Latvian Canadian artist (1929-2013)

Fred Bruemmer, D.Litt. (Freds Brimmers; 26 June 1929 – 17 December 2013) was a Latvian Canadian nature photographer and researcher. He spent his life travelling extensively throughout the circumpolar regions and to other remote parts of the globe. His works have been centered mostly on the Arctic, its people and its animals. He also conducted research and published on animals in many other areas of the globe. He spoke nine languages and wrote more than a thousand articles for publications around the world, including Canadian Geographic, Natural History, National Geographic and Smithsonian. Fred Bruemmer lived in Montreal, Quebec.

Born Friedrich Karl von Brümmer (Frīdrihs Kārlis fon Brimmers) in Riga, Latvia, to a Baltic-German family, he emigrated to Canada in 1951 and became a citizen in 1956. His book Survival - A Refugee Life, published in 2005, talks about the harrowing ordeals the young Bruemmer went through during World War II, which led him from his Latvian birthplace to eventual immigration to Canada.

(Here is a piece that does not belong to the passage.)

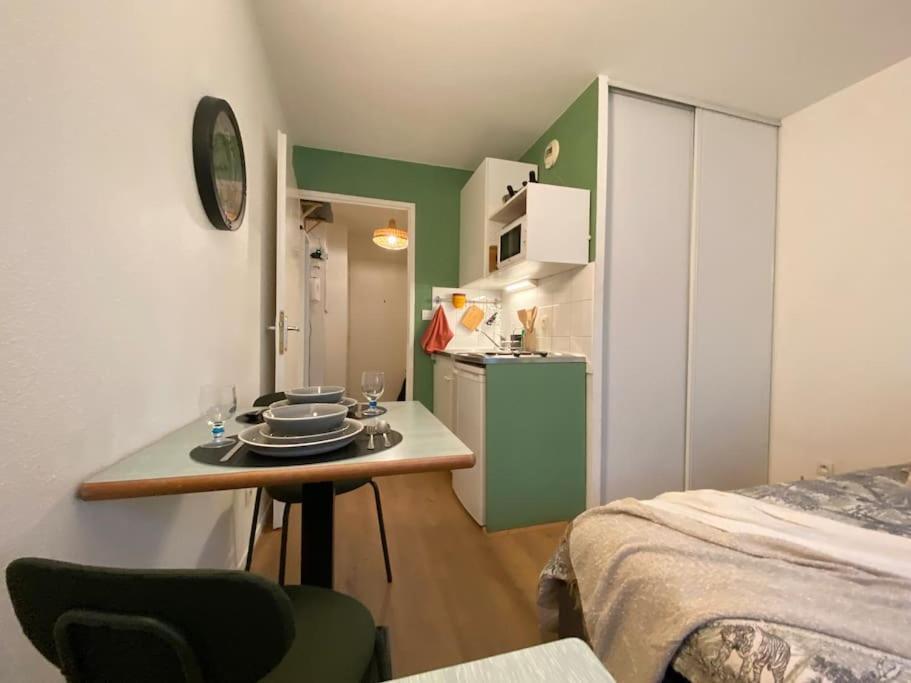 L'Hermes - Wifi - Parking - Netflix Appartement Villeurbanne Buitenkant foto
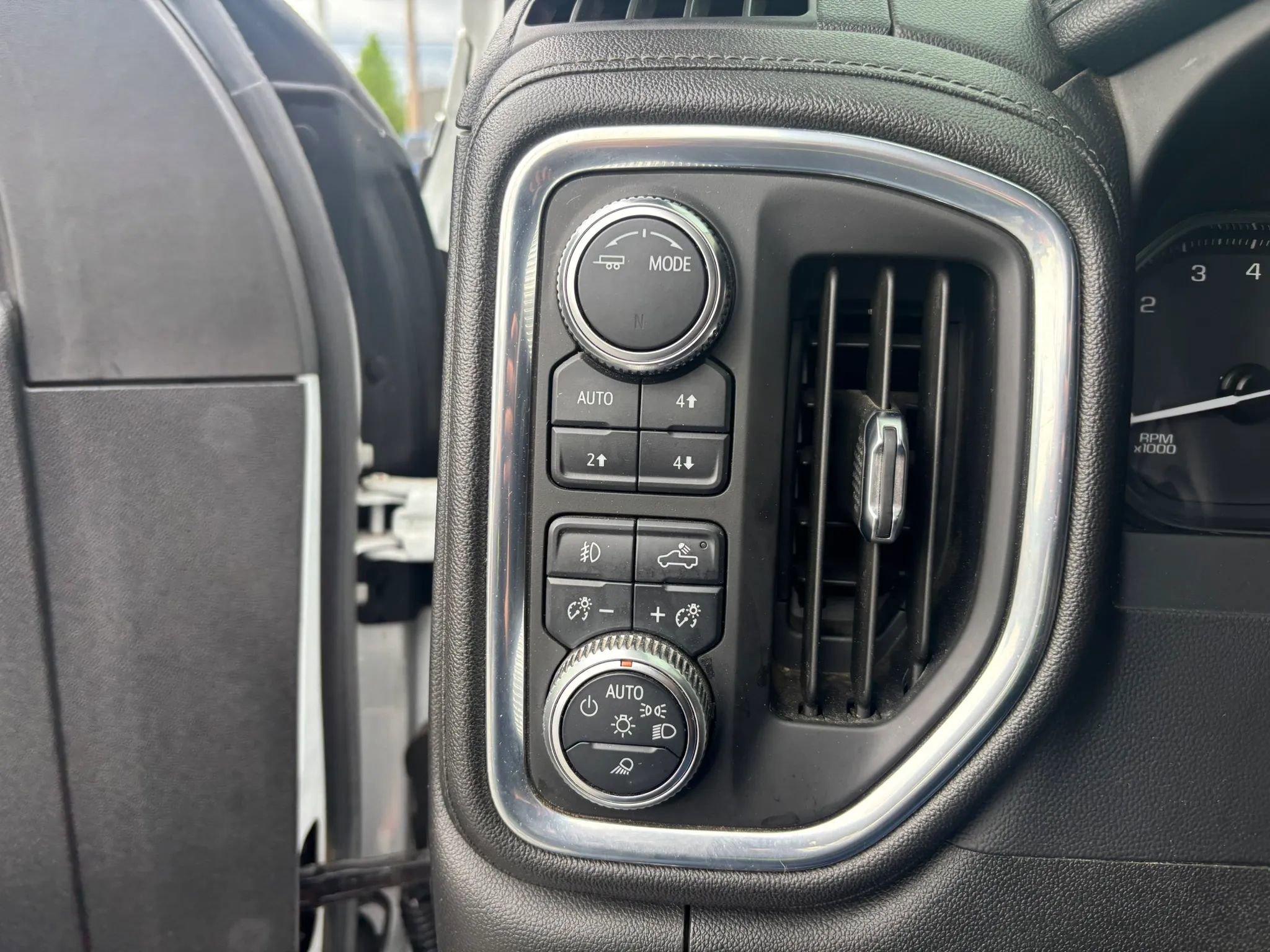 Used 2021 GMC Sierra 2500 SLT w/ SLT Preferred Package AWD/4WD image 20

His 1964 photo of a white harp seal pup became an icon and was among 51 photos chosen in the book Photographs that Changed the World.

Books by Fred Bruemmer include:

- The Long Hunt (1969);
- Seasons of the Eskimo (1971);
- Encounters with Arctic Animals (1972);
- The Arctic (1974);
- The Life of the Harp Seal (1977);
- Children of the North (1979);
- Summer at Bear River (1980);
- The Arctic World (1985);
- Arctic Animals (1986);
- Seasons of the Seal (1988);
- World of the Polar Bear (1989);
- Seals (1991) (with Eric S. Grace);
- Land of Dark, Land of Light (1993) (with Karen Pandell);
- Les Animaux du Grand Nord (1993) (with Angele Delaunois);
- Arctic Memories: Living with the Inuit (1993);
- Nanook and Nauja: The Polar Bear Cubs (1995) (with Angele Delaunois);
- Kotik: The Baby Seal (1995) (with Angele Delaunois);
- Polar Dance: Born of the North Wind (1997) (with Tom Mangelsen);
- Seals in the Wild (1998)
- Glimpses of Paradise: The Marvel of Massed Animals (2002), ISBN 978-1552976661
- Survival - A Refugee Life (2005)
- Islands of Fate (2006)
- Arctic Visions: Pictures from a Vanished world (2009)

== Honours ==
- Member of the Order of Canada, 1983;
- Recipient of the Queen Elizabeth II Silver Jubilee medal, 1993;
- Fellow of the Arctic Institute of North America;
- Member of the Travel Journalist Guild;
- North American Nature Photography Association Lifetime Award, 2003;
- Royal Canadian Institute Sanford Fleming medal, 1989;
- Honorary Doctoral Degree, Dr.h.c. University of New Brunswick, 1989.